Zeedman
Garden Master
This question comes up fairly often on garden forums, and you will likely get a lot of different answers. The funny thing is that depending upon where & how the beans are grown, and the pollinators present, there can be more than one "right" answer. Some can grow different beans side-by-side with little to no crossing, but IMO that should not be assumed to be the norm.How much do you folks pay attention to isolation distances when you're saving beans for replanting or sharing with the bean network? I used to pay very little attention but we have a lot of bumble bees and I started ending up with more and more out crosses. Now I think I've gone too far in the other direction and don't grow varieties that I'm saving anywhere near each other. I'm guessing there's a happy medium
Bumblebees are very active in my garden (there are nests on the property) so absent some form of isolation, crossing between two varieties of ANY species is likely. As an SSE member, I am growing beans to share, and some of those could not be easily replaced, if at all... so I probably use more separation than most here.
For seed saving of some self-pollinating crops (including beans & tomatoes) I utilize a combination of distance & barrier crops, as suggested by Dr. Jeff McCormack (of Southern Exposure Seed Exchange). Most of my beans are pole varieties; I plant them 20-30' apart, with trellises of other plants between. Trellises of limas, runner beans, cucumbers, and bitter melon make good barriers; I can only grow one of each species for seed saving, but may use 2-3 rows of the same variety in different locations. Fortunately we have friends who will gladly take all of that extra bitter melon.
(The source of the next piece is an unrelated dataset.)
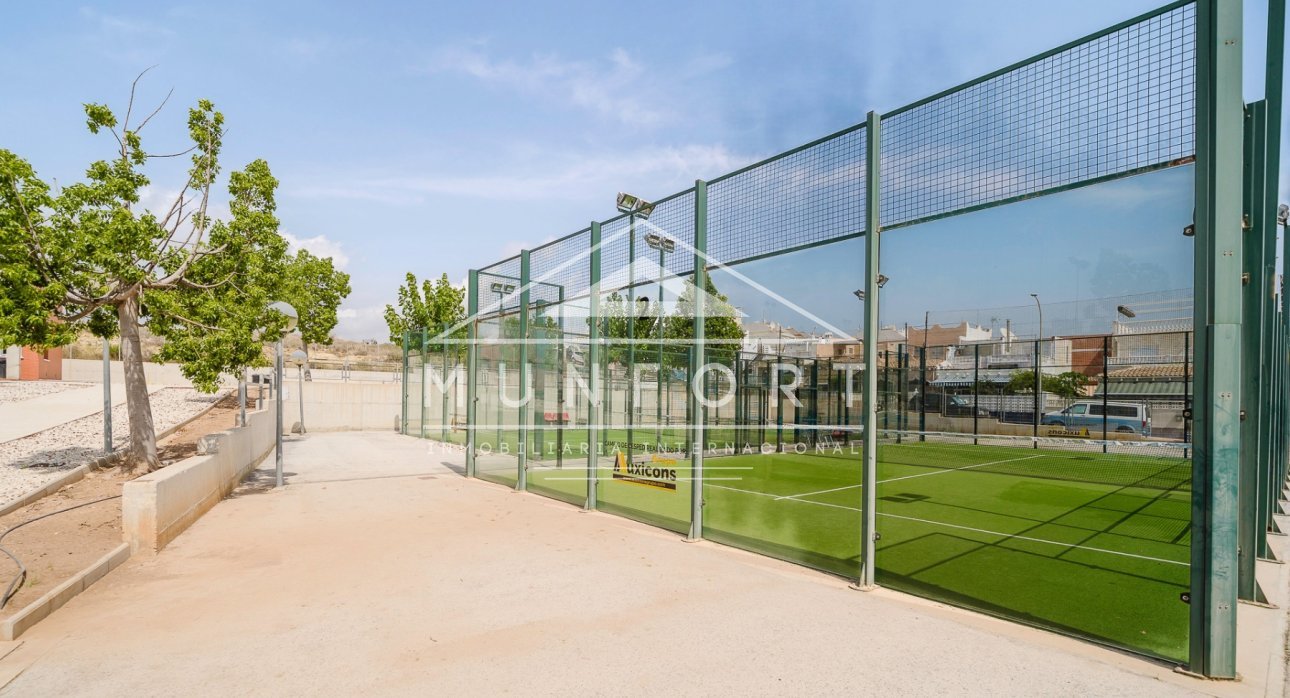 Revente - Villas -
San Miguel de Salinas - Ciudad de las Comunicaciones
Trellises of yardlong beans or climbing cowpeas too... but the beans are isolation for them, (rather than the other way around) since they tend to bloom too late to protect the beans.
Pollen-rich flowers are also helpful between rows. At present, I use Zebrina flowering mallow, sunflowers, okra, or squash for that purpose. In the past, I've used cosmos & cleome, both of which self-seeded (as does the Zebrina currently). Unlike honeybees (which tend to follow a row of the same species) bumblebees work their way across the garden... so giving them places to "wipe their feet" reduces the amount of pollen they transfer row-to-row.
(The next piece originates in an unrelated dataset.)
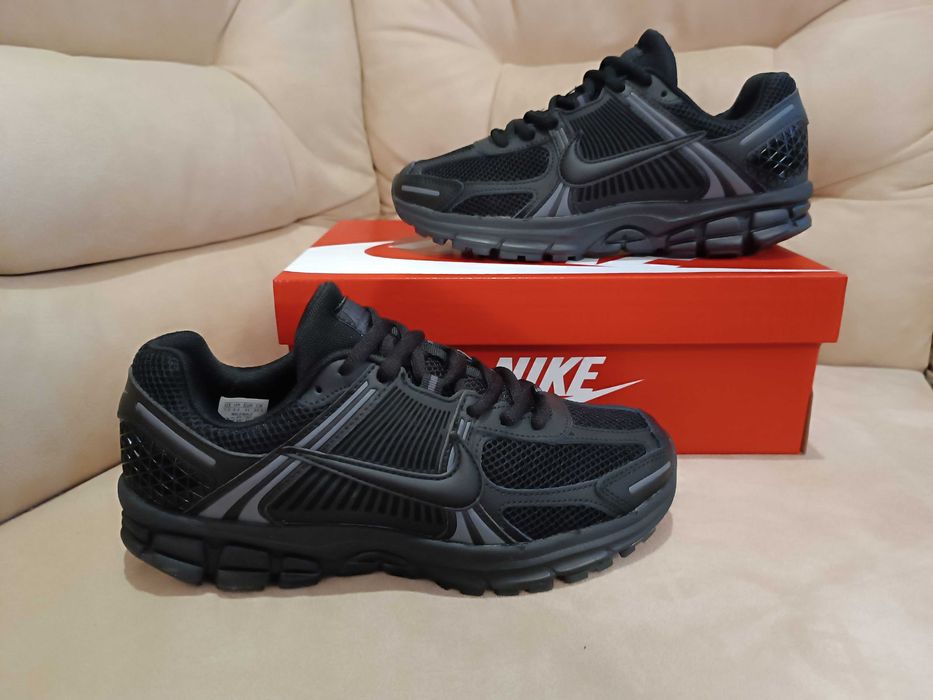 Чоловічі кросівки Nike Zoom Vomero 5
In practical terms, this means that I divide my gardens into zones, with only one bean (and one tomato) per zone. I also use a set of large pots along my front sidewalk, for irreplaceable beans that need extra isolation & TLC. This isolation strategy limits me to only 11-12 varieties per year (after our recent downsizing) but I've only observed 4-5 crosses in the last 15 years.
As @Bluejay77 mentioned, some varieties are more prone to crossing. Of the varieties I've grown, "Ma Williams" (a.k.a. Goose) and "Jimenez" fall in that category. I've had 2 crosses appear in "Ma Williams", and other gardeners have reported similar promiscuity in "Goose". A sample of "Jimenez" sent to me in trade one year was so heavily crossed, that hardly any of the 10 plants was the same, and the entire seed lot had to be discarded. An SSE friend has reported heavy crossing in some of their greasy beans.
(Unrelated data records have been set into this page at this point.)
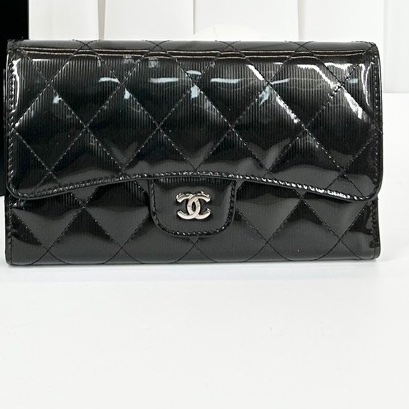 香奈兒CHANEL 17開 深綠色漆皮錢包 尺寸18*10 尺寸18×10cm 附件盒子-4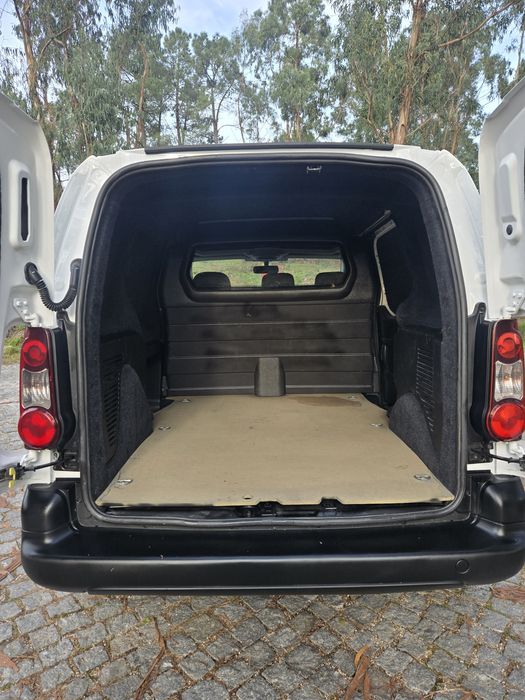 181mil km, completo, revisado com troca de distribuição, impecável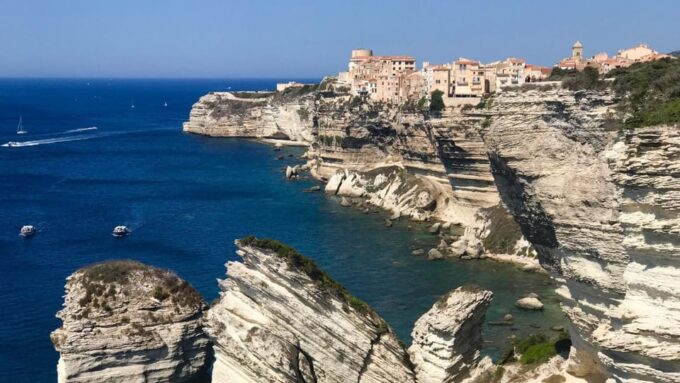 BONIFACIO - CORSICA: A TRIP FROM SARDINIA - Scenic Views and Activities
Aside from distance & barriers, there are a few other ways to reduce the chance of crossing in saved seed. One of those is time isolation. Bush beans tend to flower earlier than pole beans; so if planted closely, you could save the first seed from the bush beans, the last seed from the pole beans, and both would likely be reasonably pure. You could also use what I would call "crowd" isolation... planting multiple small rows in lieu of one long row, and saving seed only from the center.
Last but not least, for the most irreplaceable heirlooms, you could bag a few blossoms. Bagging is the only way to be 100% certain of pure seed, if multiple varieties are grown in close proximity. The material used should allow free air flow, but be tight enough to exclude bees or other pollinators. The small mesh bags sold in craft shops work well, as do cut & tied pieces of floating row cover. I would not recommend covering beans completely with row cover. When I tried that with bush beans one year, they did not respond well... the plants became yellowed & sickly, and the cover had to be removed.
All of the above assumes that the purity of the saved seed matters; that seed will be shared with others as a named variety, or that the variety(s) being saved are rare and/or irreplaceable. If seed is being saved only for your own use, the small degree of crossing which may occur is nothing more than a mild inconvenience.